▶ Exercise description: With both ends included, repeat exactly the lines of the entries below from the one containing "One Piece, Chapter 1155 image 11" down to the one containing "Char tiger pz.kpfw.iv.", and no others.

▶ Data section:
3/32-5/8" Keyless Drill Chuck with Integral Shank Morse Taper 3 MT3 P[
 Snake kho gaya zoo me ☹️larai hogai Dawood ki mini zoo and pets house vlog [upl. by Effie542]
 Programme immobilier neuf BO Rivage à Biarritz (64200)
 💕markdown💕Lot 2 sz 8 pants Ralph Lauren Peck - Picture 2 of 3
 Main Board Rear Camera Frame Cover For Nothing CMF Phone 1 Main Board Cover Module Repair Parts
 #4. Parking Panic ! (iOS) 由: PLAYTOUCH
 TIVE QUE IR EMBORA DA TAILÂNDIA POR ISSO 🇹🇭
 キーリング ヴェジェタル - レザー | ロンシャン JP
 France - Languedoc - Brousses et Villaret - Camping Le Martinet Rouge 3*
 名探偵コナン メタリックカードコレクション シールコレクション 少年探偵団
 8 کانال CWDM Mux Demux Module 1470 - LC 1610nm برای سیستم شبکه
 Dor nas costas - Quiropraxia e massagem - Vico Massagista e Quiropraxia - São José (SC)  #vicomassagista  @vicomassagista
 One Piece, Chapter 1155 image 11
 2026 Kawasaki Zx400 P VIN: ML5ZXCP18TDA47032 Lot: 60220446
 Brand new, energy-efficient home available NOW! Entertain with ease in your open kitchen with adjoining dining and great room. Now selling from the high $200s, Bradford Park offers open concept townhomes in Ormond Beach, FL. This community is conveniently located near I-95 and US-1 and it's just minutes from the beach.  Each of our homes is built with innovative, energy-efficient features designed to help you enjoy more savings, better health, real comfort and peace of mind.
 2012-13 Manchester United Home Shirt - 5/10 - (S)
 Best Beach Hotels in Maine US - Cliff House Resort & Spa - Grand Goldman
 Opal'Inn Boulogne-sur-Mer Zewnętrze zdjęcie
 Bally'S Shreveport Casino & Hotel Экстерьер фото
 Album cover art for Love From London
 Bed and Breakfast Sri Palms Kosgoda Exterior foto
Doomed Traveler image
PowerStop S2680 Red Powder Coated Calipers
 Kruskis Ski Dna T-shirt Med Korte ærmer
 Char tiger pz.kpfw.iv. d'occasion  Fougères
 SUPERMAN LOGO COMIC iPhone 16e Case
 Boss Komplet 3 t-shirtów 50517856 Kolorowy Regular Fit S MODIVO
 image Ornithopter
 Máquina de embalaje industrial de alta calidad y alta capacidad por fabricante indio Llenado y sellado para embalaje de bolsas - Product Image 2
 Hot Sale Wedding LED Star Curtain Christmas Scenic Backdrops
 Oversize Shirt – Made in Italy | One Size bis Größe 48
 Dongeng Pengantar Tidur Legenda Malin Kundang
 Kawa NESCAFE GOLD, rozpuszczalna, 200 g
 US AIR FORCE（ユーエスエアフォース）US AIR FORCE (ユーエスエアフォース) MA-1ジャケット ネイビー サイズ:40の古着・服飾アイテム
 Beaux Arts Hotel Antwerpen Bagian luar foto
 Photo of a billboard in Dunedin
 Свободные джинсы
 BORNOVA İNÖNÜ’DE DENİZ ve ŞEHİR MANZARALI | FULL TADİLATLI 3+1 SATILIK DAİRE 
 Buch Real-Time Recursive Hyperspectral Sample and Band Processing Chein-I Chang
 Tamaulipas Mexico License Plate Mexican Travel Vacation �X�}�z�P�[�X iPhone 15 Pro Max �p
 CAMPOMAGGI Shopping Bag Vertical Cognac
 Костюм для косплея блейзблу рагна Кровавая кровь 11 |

▶ The completed task:
 One Piece, Chapter 1155 image 11
 2026 Kawasaki Zx400 P VIN: ML5ZXCP18TDA47032 Lot: 60220446
 Brand new, energy-efficient home available NOW! Entertain with ease in your open kitchen with adjoining dining and great room. Now selling from the high $200s, Bradford Park offers open concept townhomes in Ormond Beach, FL. This community is conveniently located near I-95 and US-1 and it's just minutes from the beach.  Each of our homes is built with innovative, energy-efficient features designed to help you enjoy more savings, better health, real comfort and peace of mind.
 2012-13 Manchester United Home Shirt - 5/10 - (S)
 Best Beach Hotels in Maine US - Cliff House Resort & Spa - Grand Goldman
 Opal'Inn Boulogne-sur-Mer Zewnętrze zdjęcie
 Bally'S Shreveport Casino & Hotel Экстерьер фото
 Album cover art for Love From London
 Bed and Breakfast Sri Palms Kosgoda Exterior foto
Doomed Traveler image
PowerStop S2680 Red Powder Coated Calipers
 Kruskis Ski Dna T-shirt Med Korte ærmer
 Char tiger pz.kpfw.iv. d'occasion  Fougères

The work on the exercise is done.